31.03.2011, 18:24, "Martin Sustrik" <[email protected]>:
>
> What you are speaking of is the former case -- overall optimisation of
> allocation. 

OK, let's leave that alone :)

>
>>  BTW, if we discussing features for 3.0. I'd like to propose few things.
>>
>>  1. Have you considered implementing devices inside the IO thread?
>>      I'm sure it's controversal, but there are lots of cases where
>>     devices are unavoidable, but adding a tens of context switches
>>     for each message affects performance very negatively (we have
>>     a recv call on each zmq_recv and each zmq_send of single
>>     message part).
>
> Yes, I wanted to do that when I started with devices, then I realised
> it's not really possible. The problem is that there are multiple
> frontend and multiple backend peers. Session for each of them can be
> running in a different I/O thread. The device would have to choose one
> of those threads to run in. Consequently, it would still need context
> switches to communicate with the other peers.

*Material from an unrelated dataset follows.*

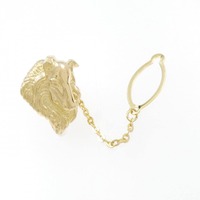 K18YG ドッグ タイタック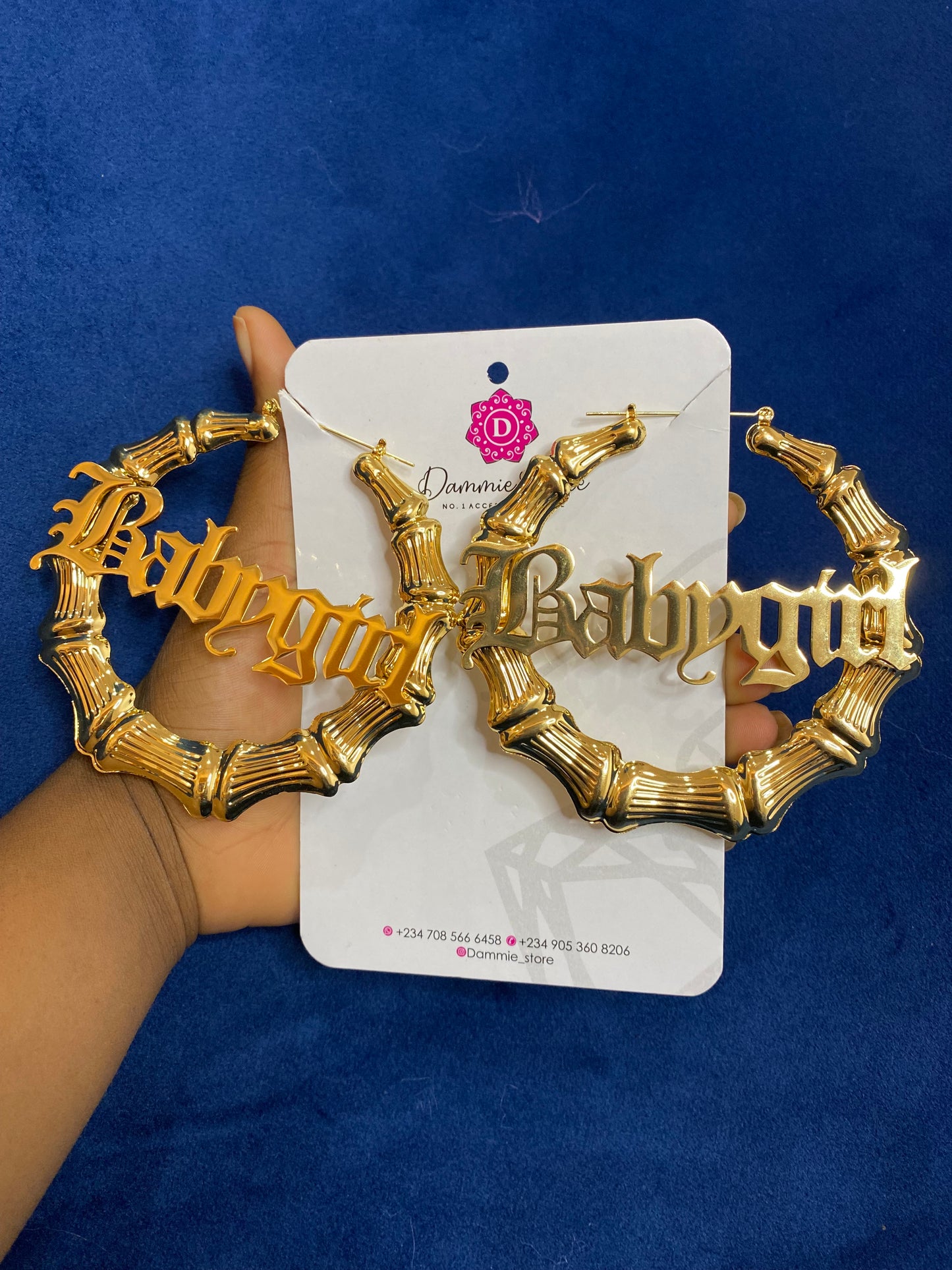 Baby girl chunky earrings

Well It still needs twice as lower of context switches. And it would be
normal for me if the device would stick all it's sessions to a single
I/O thread. When it becomes a bottleneck I can add another device on
another port and connect it to the same clients, at least for use cases
where I've used zeromq for.

But probably I should stop this bikeshed until (and if) I'll find a time
to make some tests. I know it would complicate things a lot so the
reason must be really clear.

> The reliability problem is an extremely complex one. If you don't want
> to loose messages, you start with explicit ACKing. Then you have to
> time-out a particular connection (heartbeats?) and push unacked messages
> back to the shared queue. Then you have to deal with messaged delivered
> twice. Then you have to solve the message re-ordering problem. Then you
> have to couple receiving a message and processing into a single atomic
> transaction. Same on the send side. Then you want multiple send/recv
> operations in a single transaction. If the processing involves any other
> resource you want to add the resource (scuch as DB) into the
> transaction. That means using distributed transactions. So you try to
> implement XA. Most probably you'll get definitely lost somewhere close
> to heuristic commits in 2PC model.
>

Your description is great as always :)

> I would say the question is how can we improve reliability of 0mq (NB:
> not make it perfect, just improve it) without dragging all this madness in.

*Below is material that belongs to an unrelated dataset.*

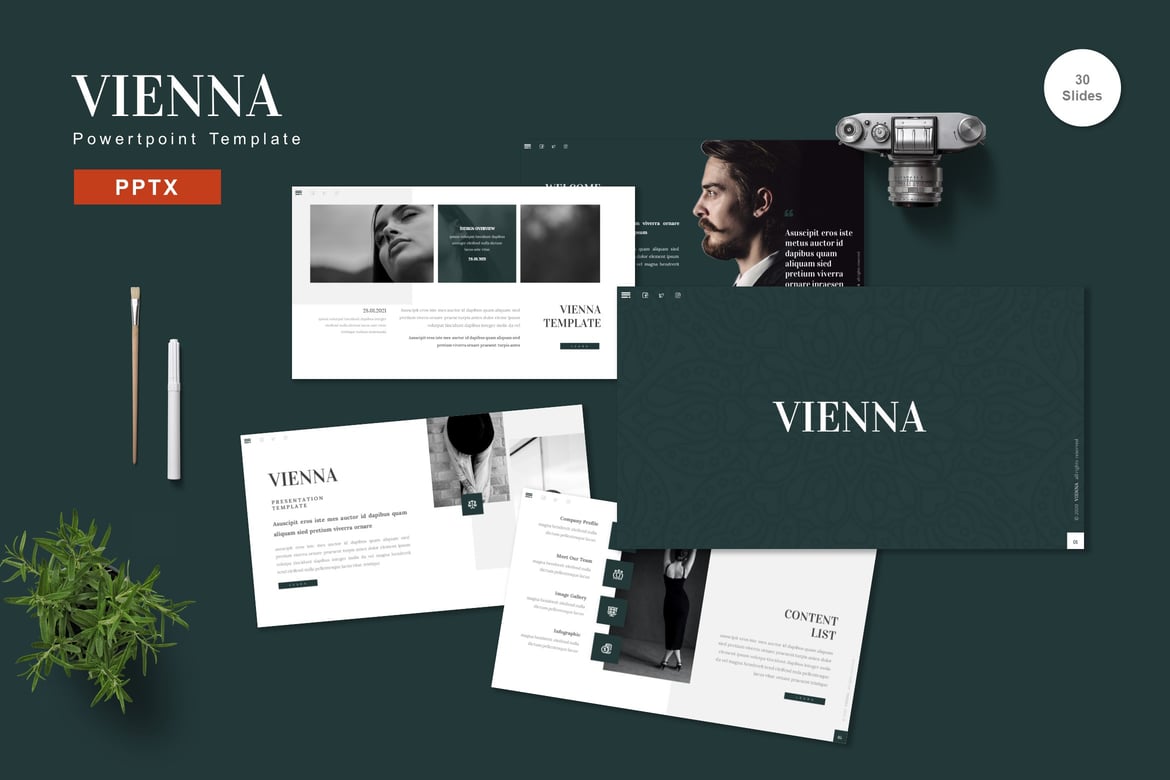 Template PowerPoint Vienna - Solusi Presentasi Profesional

That was exacly my intention. May be I've not clear about that. I'm thinking
about API similar to posix shutdown. First we call:

zmq_shutdown(sock, SHUT_RD)

Zeromq should immediately close bound sockets, but leave connections
open. Then it should forward this message to peers. They should stop
adding messages to pipe which is shutting down. It's ok, if messages
that are already on the pipe will be delivered. Then it must send a
sentinel message. When issuer gots sentinel it closes underlying socket
if it's unidirectional and return ENOTCONN (or whatever error we choose).
Then application processes all messages and closes socket with
zmq_close().

With SHUT_WR zeromq should close bound sockets, to allow somebody
to bind immediately, disable zmq_send, and send sentinels to peers.
There is some problem for bidirectional connections, since peers should
reconnect to same address as fast as possible, but there could be some
outstading requests, which should be forwarded to the old connection.
Probably they will reconnect, and if identity is the same, old connection
can be closed immediately and old responses forwarded by this connection,
and if the identity is different old connection will be open until it will be
zmq_close'd.

This API lets software updates and network reconfiguration to be
done without loosing messages. Other problems (network outage,
hardware and software crashes) are less common and monitoring very
much helps.

Probably when we add a sentinel messages we can do PUB/SUB more
reliable. When connection from publisher is closed unexpectedly we
can send application EIO error (or whatever we choose). For tcp we know
when connection is broken, for ipc it is broken only on application crash
and we also know it, for pgm we have retry timeout. Also we have to
inject this kind of message when queue is full and we loose some
message. This way you don't need to count messages to know when
to die if messages stream is broken (and don't need to duplicate complex
bookkeeping when there are several publishers). For devices it's up
to the application on whats to do with error. It have to forward it as some
application specific message if it needs to.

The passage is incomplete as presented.